= Beginning of Section =

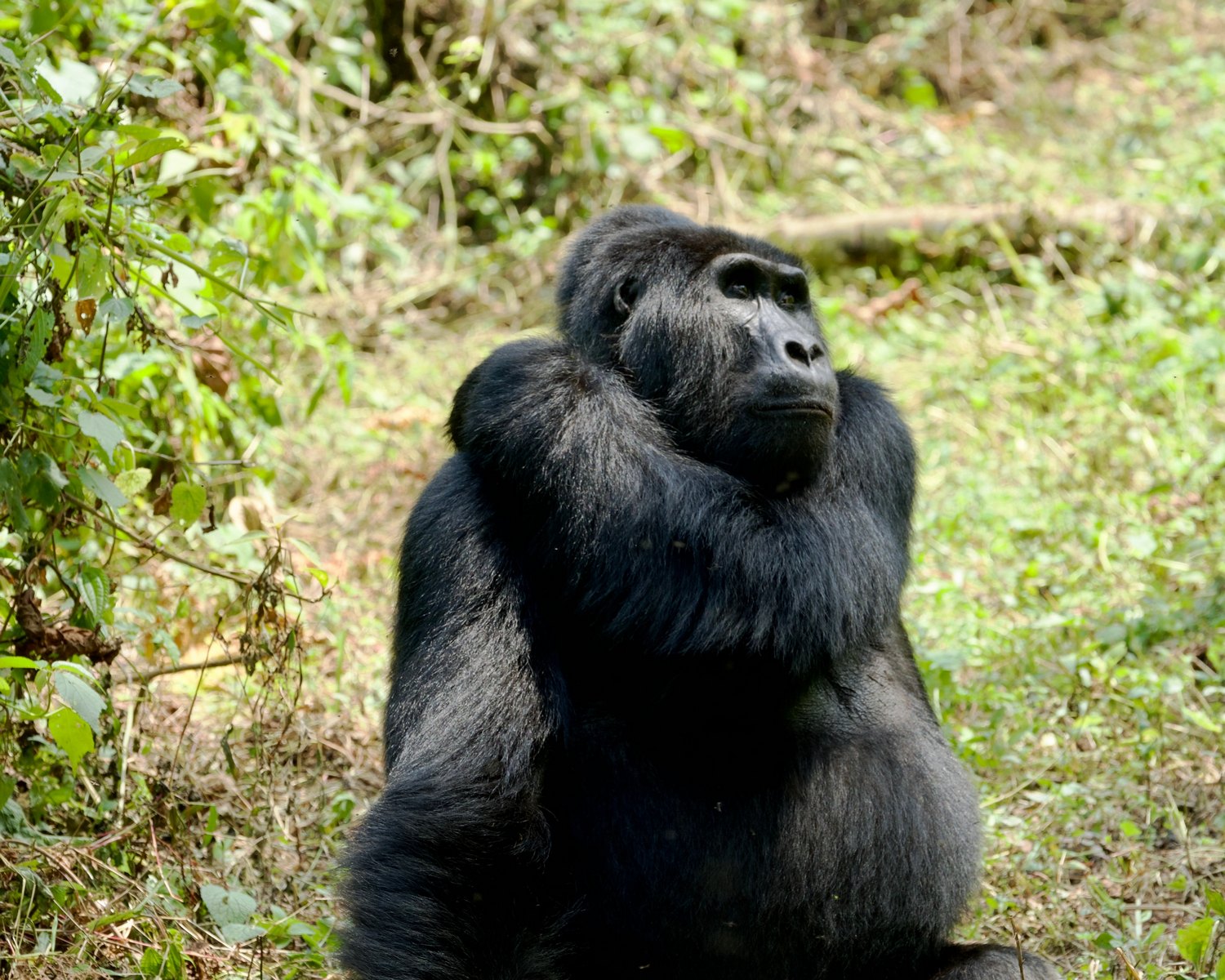 Gli ultimi gorilla di montagna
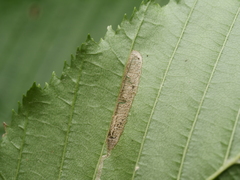 Phyllonorycter tenerella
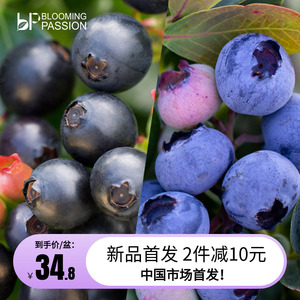 BP花卉蓝莓盆栽甜浆银色加利果量大易养植物果树耐寒庭院阳台花园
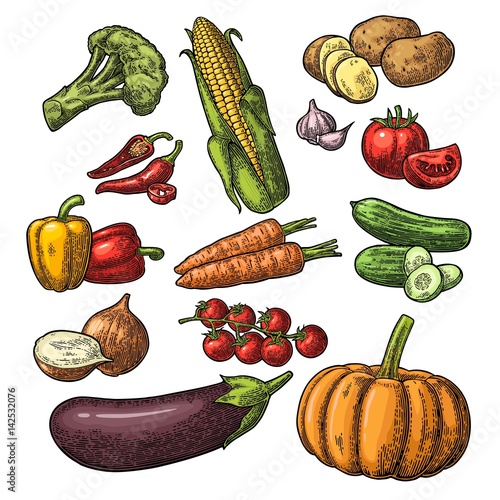 Set vegetables. Cucumbers, Garlic, Corn, Pepper, Broccoli, Potato and Tomato.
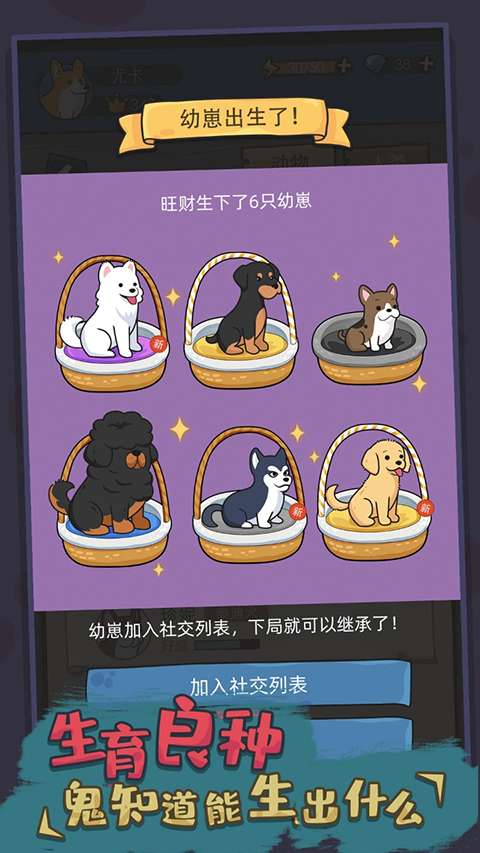 狗生模拟器 无广告版截图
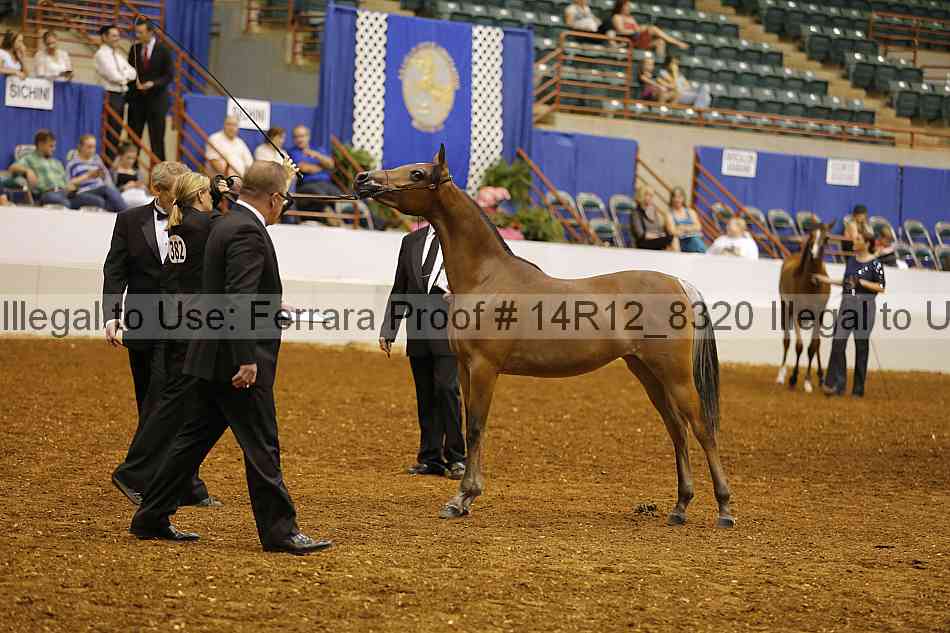 Proof 14r12_8320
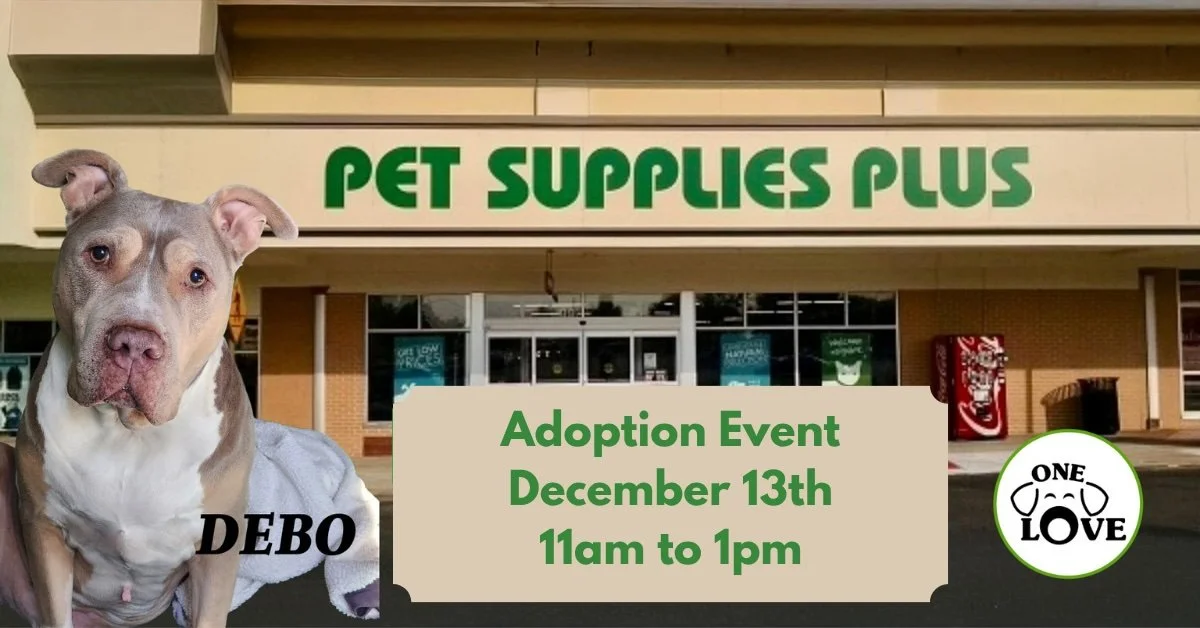 Adoption Event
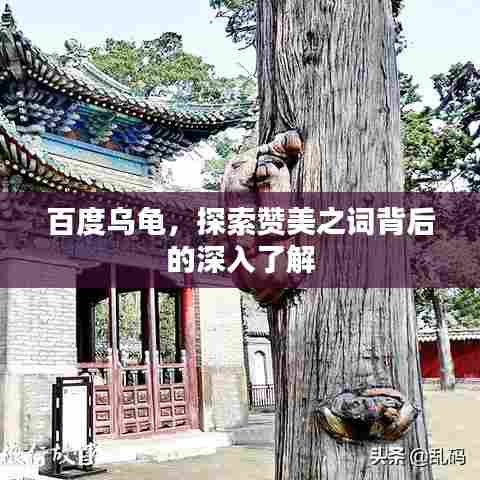 百度乌龟，探索赞美之词背后的深入了解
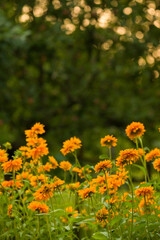 Rudbeckia Goldilocks. Rudbeckia hirta. Blooming rudbeckia goldilocks flower bed.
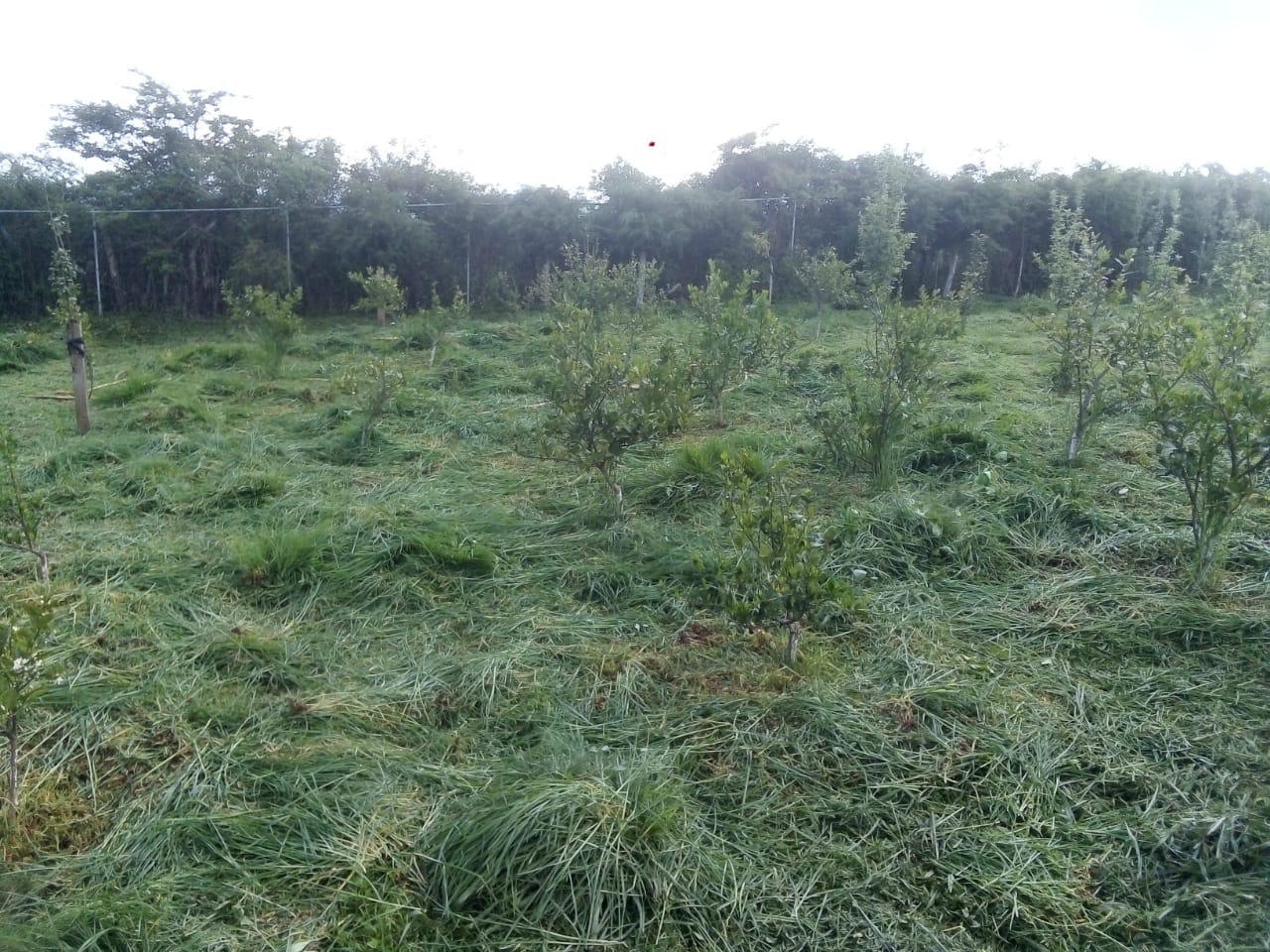 Hectarea con Cabaña en Venta en Las Cañas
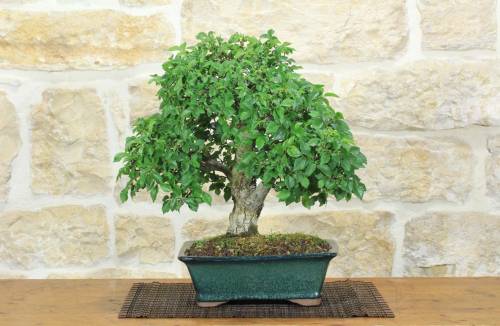 1 - Bonsai di Olmo Campestre (64)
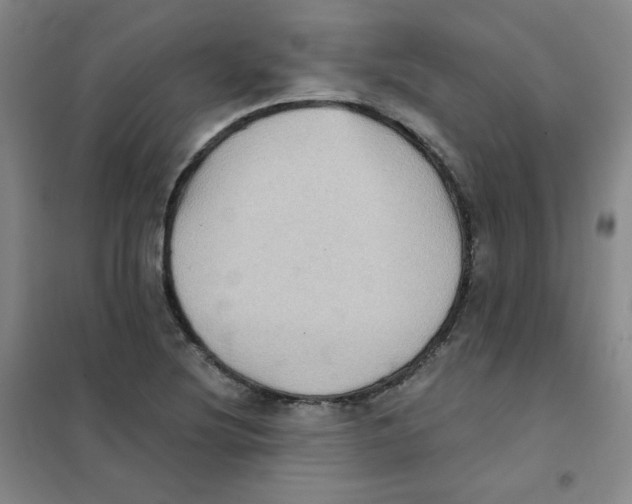 X0000101111220200807241128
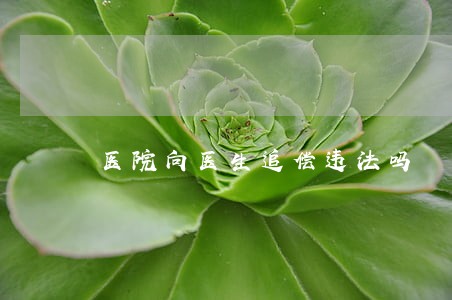 医院向医生追偿违法吗 医院向医生追偿违法吗
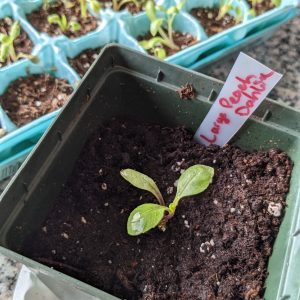 DIY Plant Tags for Seedlings: Free Gallon Jug Garden Tags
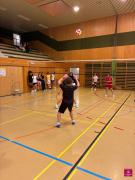 IC-Volley253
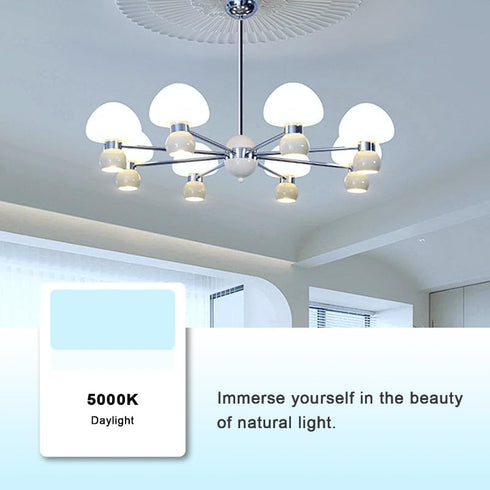 KOHEOPT G25 Bulbs,120V 5W(60W 5000K CRI85+ Bathroom,E26 Non-Dimmable (2 Pack) LED Globe Light Equivalent), Daylight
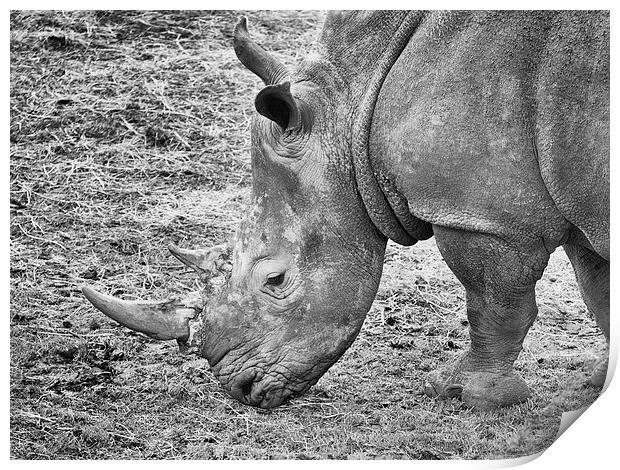 Rhino Print by Robert Bennett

= End of Section =

◆ TASK DETAILS
Copy each line above exactly. Images do not belong in the copy.

◆ EXPECTED ANSWER
 Gli ultimi gorilla di montagna
 Phyllonorycter tenerella
 BP花卉蓝莓盆栽甜浆银色加利果量大易养植物果树耐寒庭院阳台花园
 Set vegetables. Cucumbers, Garlic, Corn, Pepper, Broccoli, Potato and Tomato.
 狗生模拟器 无广告版截图
 Proof 14r12_8320
 Adoption Event
 百度乌龟，探索赞美之词背后的深入了解
 Rudbeckia Goldilocks. Rudbeckia hirta. Blooming rudbeckia goldilocks flower bed.
 Hectarea con Cabaña en Venta en Las Cañas
 1 - Bonsai di Olmo Campestre (64)
 X0000101111220200807241128
 医院向医生追偿违法吗 医院向医生追偿违法吗
 DIY Plant Tags for Seedlings: Free Gallon Jug Garden Tags
 IC-Volley253
 KOHEOPT G25 Bulbs,120V 5W(60W 5000K CRI85+ Bathroom,E26 Non-Dimmable (2 Pack) LED Globe Light Equivalent), Daylight
 Rhino Print by Robert Bennett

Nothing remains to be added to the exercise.